Note, though, that Obama insists–as most of the legal filings we read here do–that the President retains all of the authority over secrets (presumably including deciding when to leak them broadly to people with no clearance).
Congress still won’t get to see OLC memos
I’m rather more intrigued by this statement, which I take to suggest that the Administration will share the “legal basis” (as in, “the AUMF”) for covert ops, but won’t share documents over which the Administration claims a privilege (which in the past has included OLC documents).
Also, as previously indicated, my Administration understands section 331′s requirement to provide to the intelligence committees “the legal basis” under which certain intelligence activities and covert actions are being or were conducted as not requiring disclosure of any privileged advice or information or disclosure of information in any particular form.
This is pretty important, given that last we heard there were OLC documents authorizing FBI wiretaps and drone strikes that–as far as we know–remain totally secret. Which still means the President will insist on writing law for himself until the Courts tell him differently.
Congress may never know the results of John Durham’s investigation
Then there’s this bit, which would clearly include John Durham’s investigation of the former and some still current members of the intelligence community (heck, it might even include John Brennan’s role in Dick Cheney’s illegal wiretap program).
In accordance with longstanding executive branch policy, my Administration understands section 405′s requirement that the Inspector General make an immediate report to congressional committees regarding investigations focused upon certain current or former IC officials as not requiring the disclosure of privileged or otherwise confidential law enforcement information.
Not only does this say that Obama refuses to let the Inspector General tell Congress whether there will be any accountability for torture, or even (given the broad claims the Administration made to shield Dick Cheney’s Plame testimony) what Durham found after he has closed his investigation, but it also suggests that the IC IG may not tell Congress things that CIA’s IG told Congress in the past. For example, this would cover some of the deaths by torture which were investigated but not prosecuted. So long as DOD or DOJ could claim to be investigating them, it seems, the IC IG would not necessarily tell Congress of the investigation.
Perhaps more troubling, this statement would seem to shield all of FBI’s investigative work–things like surveilling peace activists and conducting data mining of its massive databases.
I’m going to do some more research on what Obama’s trying to do with his statement about whistleblowers.

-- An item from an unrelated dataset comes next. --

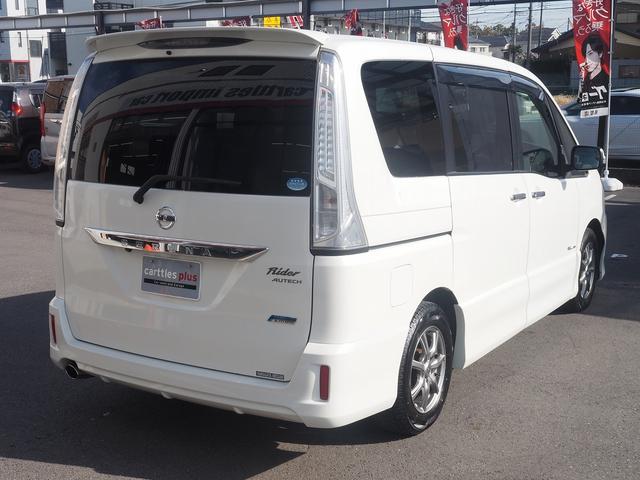 セレナ ライダー　ブラックライン　Ｓ－ハイブリッド　純正メモリナビ　フルセグＴＶ　Ｂｌｕｅｔｏｏｔｈ　バックカメラ　両側電動スライドドア　クルーズコントロール　ＥＴＣ　社外アルミ　プッシュスタート　スマートキー（7枚目）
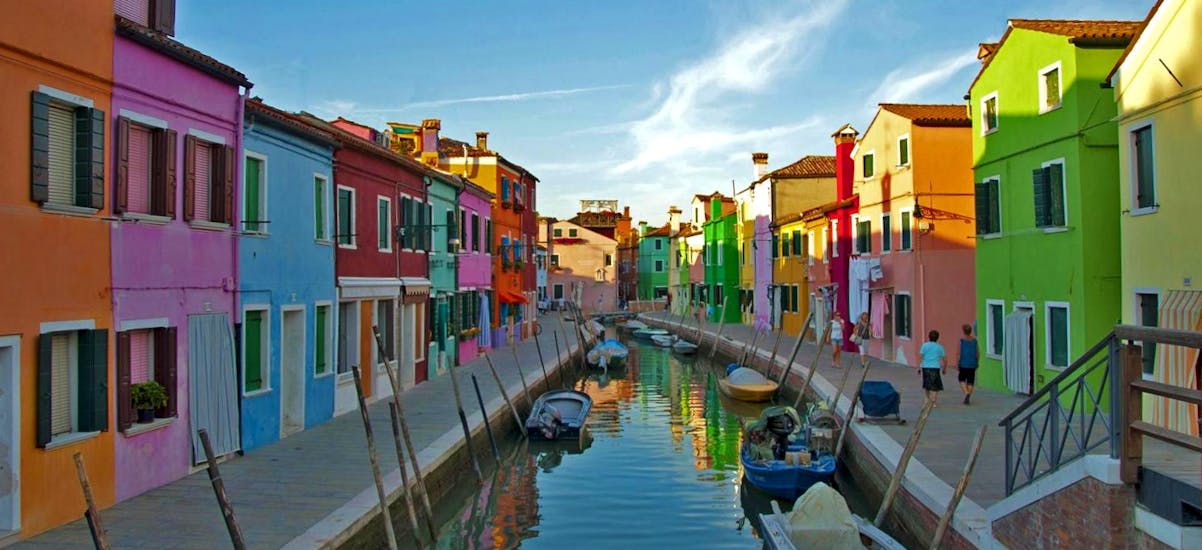 Beautiful photo of the distinctive buildings of Burano, taken during a boat trip from Venice to the islands of Murano and Burano with Park View Viaggi.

Moreover, the whistleblower protection provisions in section 405 are properly viewed as consistent with President Clinton’s stated understanding of a provision with substantially similar language in the Intelligence Authorization Act for Fiscal Year 1999. See Statement on Signing the Intelligence Authorization Act for Fiscal Year 1999: Public Papers of the Presidents of the United States, William J. Clinton, 1998 (p. 1825).
But I assume it sharply limits the rights of intelligence community whistleblowers.
This is not as bad as some of Cheney’s signing statements. But it’s clear that the President wants to avoid oversight of his super duper powers.